A global wetland methane emissions and uncertainty dataset for atmospheric chemical transport models

Abstract

Abstract. Wetland emissions remain one of the principal sources of uncertainty in the global atmospheric methane (CH4) budget, largely due to poorly constrained process controls on CH4 production in waterlogged soils. Process-based estimates of global wetland CH4 emissions and their associated uncertainties can provide crucial prior information for model-based top-down CH4 emission estimates. Here we construct a global wetland CH4 emission model ensemble for use in atmospheric chemistry and transport models.
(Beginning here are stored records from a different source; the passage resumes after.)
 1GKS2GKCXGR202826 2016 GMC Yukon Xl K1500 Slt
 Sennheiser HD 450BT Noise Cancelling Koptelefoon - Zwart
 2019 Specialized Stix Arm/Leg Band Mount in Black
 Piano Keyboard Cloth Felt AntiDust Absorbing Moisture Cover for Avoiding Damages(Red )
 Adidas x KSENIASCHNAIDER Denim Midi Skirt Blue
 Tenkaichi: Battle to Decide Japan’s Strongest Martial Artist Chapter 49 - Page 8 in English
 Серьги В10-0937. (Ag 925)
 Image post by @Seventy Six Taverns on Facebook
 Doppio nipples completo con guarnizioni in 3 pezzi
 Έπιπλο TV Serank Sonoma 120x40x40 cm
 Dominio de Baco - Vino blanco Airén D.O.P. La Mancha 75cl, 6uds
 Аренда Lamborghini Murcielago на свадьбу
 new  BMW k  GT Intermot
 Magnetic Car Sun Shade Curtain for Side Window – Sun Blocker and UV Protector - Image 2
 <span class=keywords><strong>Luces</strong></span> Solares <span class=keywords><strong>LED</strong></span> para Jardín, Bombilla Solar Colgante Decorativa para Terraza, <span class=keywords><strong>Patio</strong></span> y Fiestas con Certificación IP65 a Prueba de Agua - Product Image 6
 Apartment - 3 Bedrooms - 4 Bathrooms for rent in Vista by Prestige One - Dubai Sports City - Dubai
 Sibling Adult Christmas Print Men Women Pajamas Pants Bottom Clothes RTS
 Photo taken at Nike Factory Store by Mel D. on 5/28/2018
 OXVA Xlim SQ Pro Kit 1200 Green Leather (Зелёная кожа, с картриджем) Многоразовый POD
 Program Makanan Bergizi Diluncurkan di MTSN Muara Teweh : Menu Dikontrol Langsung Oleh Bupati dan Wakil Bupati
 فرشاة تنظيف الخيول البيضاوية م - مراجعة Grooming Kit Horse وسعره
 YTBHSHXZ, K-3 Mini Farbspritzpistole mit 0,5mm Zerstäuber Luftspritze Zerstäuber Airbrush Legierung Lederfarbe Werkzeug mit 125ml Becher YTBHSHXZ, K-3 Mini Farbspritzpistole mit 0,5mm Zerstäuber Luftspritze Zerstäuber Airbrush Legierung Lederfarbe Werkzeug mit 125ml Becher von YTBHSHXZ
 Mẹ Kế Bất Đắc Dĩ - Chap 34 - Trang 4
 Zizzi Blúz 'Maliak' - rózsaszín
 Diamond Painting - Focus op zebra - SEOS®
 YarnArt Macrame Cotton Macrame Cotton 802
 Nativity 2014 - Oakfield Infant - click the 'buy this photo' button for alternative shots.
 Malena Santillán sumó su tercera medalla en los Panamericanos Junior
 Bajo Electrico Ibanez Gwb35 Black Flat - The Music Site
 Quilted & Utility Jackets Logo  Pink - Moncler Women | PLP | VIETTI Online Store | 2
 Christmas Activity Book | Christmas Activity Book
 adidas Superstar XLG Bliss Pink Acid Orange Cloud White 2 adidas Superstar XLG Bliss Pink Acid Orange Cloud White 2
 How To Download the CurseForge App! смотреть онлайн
Our 0.5° × 0.5° resolution model ensemble is based on satellite-derived surface water extent and precipitation re-analyses, nine heterotrophic respiration simulations (eight carbon cycle models and a data-constrained terrestrial carbon cycle analysis) and three temperature parameterizations for the period 2009–2010; an extended ensemble subset – based solely on precipitation and the data-constrained terrestrial carbon cycle analysis – is derived for the period 2001–2015. We incorporate the mean of the full and extended model ensembles into GEOS-Chem and compare model against surface measurements of atmospheric CH4; model performance (site-level and zonal mean anomaly residuals) compares favourably against published wetland CH4 emissions scenarios. We find that uncertainties in carbon decomposition rates and wetland extent together account for more than 80 % of the primary uncertainty in the timing, magnitude and seasonal variability of wetland CH4 emissions, although uncertainty in the temperature CH4:C dependence is a significant contributor to seasonal variations in mid-latitude wetland CH4 emissions. The combination of satellite, carbon cycle models and temperature dependence parameterizations provides a physically informed structural a priori uncertainty critical for top-down estimates of wetland CH4 fluxes: specifically, our ensemble can provide enhanced information on the prior CH4 emissions uncertainty and the error covariance structure, as well as a means for using posterior flux estimates and their uncertainties to quantitatively constrain global wetland CH4 emission biogeochemical process controls.